Tout au long du XIXe siècle, qui vit un formidable développement dans l’étude de la littérature chinoise, aucun traducteur ne s’aventura à aborder Sun Tzŭ, bien que son œuvre fût réputée pour être très appréciée en Chine, car elle constituait de loin le [p. viii] le plus ancien et le meilleur recueil de science militaire. Ce n’est qu’en 1905 que la première traduction anglaise, par le capitaine EF Calthrop, RFA, parut à Tokyo sous le titre « Sonshi » (la forme japonaise de Sun Tzŭ). [2] Malheureusement, il était évident que la connaissance du chinois du traducteur était bien trop limitée pour lui permettre de s’attaquer aux multiples difficultés de Sun Tzŭ. Il reconnaît lui-même sans détour que sans l’aide de deux Japonais, « la traduction qui l’accompagnait aurait été impossible ». On ne peut que s’étonner, alors, qu’avec leur aide, elle ait été si médiocre. Il ne s’agit pas seulement de bévues flagrantes, dont nul ne peut espérer être totalement exempt. Les omissions étaient fréquentes ; les passages difficiles étaient volontairement déformés ou étouffés. De telles fautes sont moins pardonnables. Elles ne seraient tolérées dans aucune édition d’un classique grec ou latin, et une exigence d’honnêteté similaire devrait être exigée dans les traductions du chinois.
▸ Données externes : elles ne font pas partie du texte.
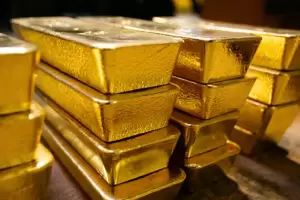 Juicio de YPF: el Gobierno rechaz� informar la ubicaci�n del oro argentino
Malgré des imperfections de cette nature, je crois que la présente traduction est exempte de tout reproche. Elle n’a pas été entreprise par surestimation de mes propres capacités ; mais je ne pouvais m’empêcher de penser que Sun Tzŭ méritait un sort meilleur que celui qui lui était arrivé, et je savais que, quoi qu’il en soit, je ne pouvais manquer d’améliorer le travail de mes prédécesseurs. Vers la fin de 1908, une nouvelle édition révisée de la traduction du capitaine Calthrop fut publiée à Londres, cette fois-ci sans aucune allusion à ses collaborateurs japonais. Mes trois premiers chapitres étaient déjà chez l’imprimeur, de sorte que les critiques du capitaine Calthrop qu’ils contiennent doivent être comprises comme se référant à son édition antérieure. Dans les chapitres suivants, j’ai bien sûr reporté mon attention sur la seconde édition. Celle-ci constitue globalement une amélioration par rapport à la précédente, même si de nombreux points restent à clarifier. Certaines erreurs grossières ont été corrigées et des lacunes comblées, mais en revanche, un certain nombre de nouvelles erreurs apparaissent. La toute première phrase de l’introduction est étonnamment inexacte ; et plus loin, s’il est fait mention d’une « armée de commentateurs japonais » sur Sun Tzŭ (qui sont-ils, au fait ?), pas un mot n’est dit des commentateurs chinois, qui pourtant, j’ose l’affirmer, forment une « armée » bien plus nombreuse et infiniment plus importante.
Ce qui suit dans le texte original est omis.